At a stop to buy a peach at a roadside farm stand, the proprietor insisted I try an ear of fresh sweetcorn.

The day’s route descended consistently toward Lake Winnebago, the largest lake in Michigan.

I’m sure the famous Winnebago motor homes are – or were – built near here.  Parts of the eastern shore of Lake Winnebago consist of sheer limestone cliffs, and our campsite at High Cliffs State Park was set right on top of one of them.

The sunset view from the cliffs was breathtaking- with storm clouds building up to the west.

The next morning, August 27, dawned with brilliant sun.  Our destination was the historic ferry SS Badger, which sails across Lake Michigan.

The ferry company has a crew of folks who are amazingly skilled at maneuvering all sorts of vehicles onto the Badger, so that there is hardly a square inch on the car deck that isn’t covered by a vehicle.  We held our breaths as we watched a true professional back our beloved trailer onto the boat.

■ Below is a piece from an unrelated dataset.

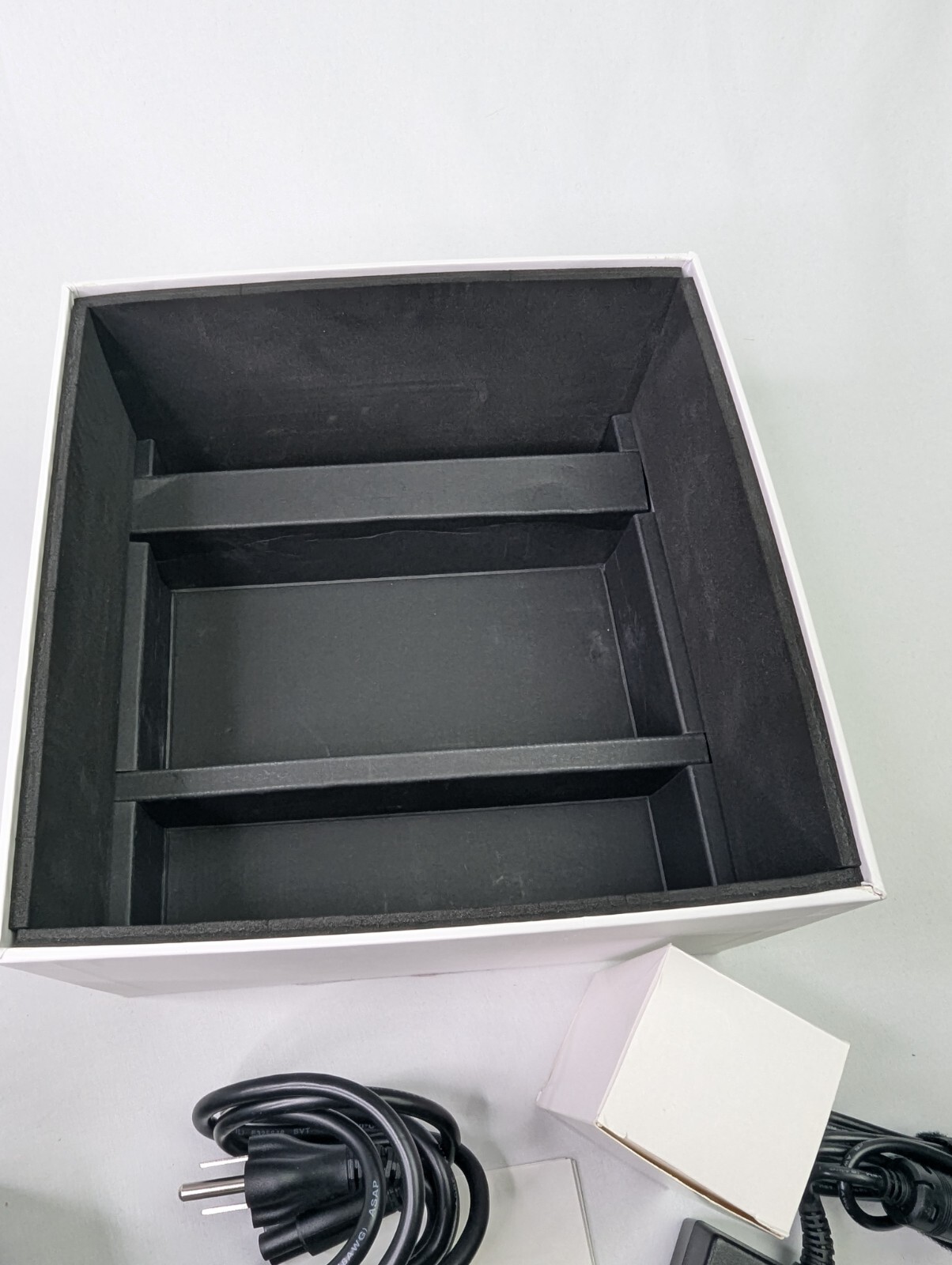 DEFECTIVE XGIMI XHAD01 H2 4K HOME THEATER SMART PROJECTOR WITH REMOTE  I G3D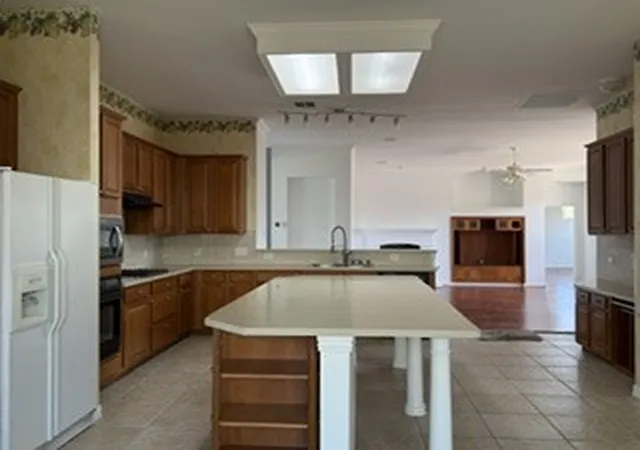 Photo 2 of Single family home for sale at 202 Stonegate Ln, Sunnyvale, TX 75182 | MLS# 21368972 | Listing updated on 2026-08-25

We had considered a detour to Sheboygan to eat a famous Sheboygan sausage (my go-to meal at Giants’ games at ATT Park) at the source, but the extra 40 miles were not worth the effort.  So … close, but no Sheboygan.

We had arranged a lunchtime rendezvous with Wendy’s girlhood friend, Laurie Nixon and her husband Rich.  They had visited the Bay Area a few years ago, and it was great to see these wonderful folks again.  They waved us goodbye as the Badger fired up its belching coal-fired boilers and headed east to Michigan.

And on the Michigan side, there was a reception committee waving their welcome from the docks and jetties of Ludington.  

Apparently, this is a uplifting ritual for each arrival of the Badger.

The 65 miles across Lake Michigan on the Badger were the easiest miles of the entire trip!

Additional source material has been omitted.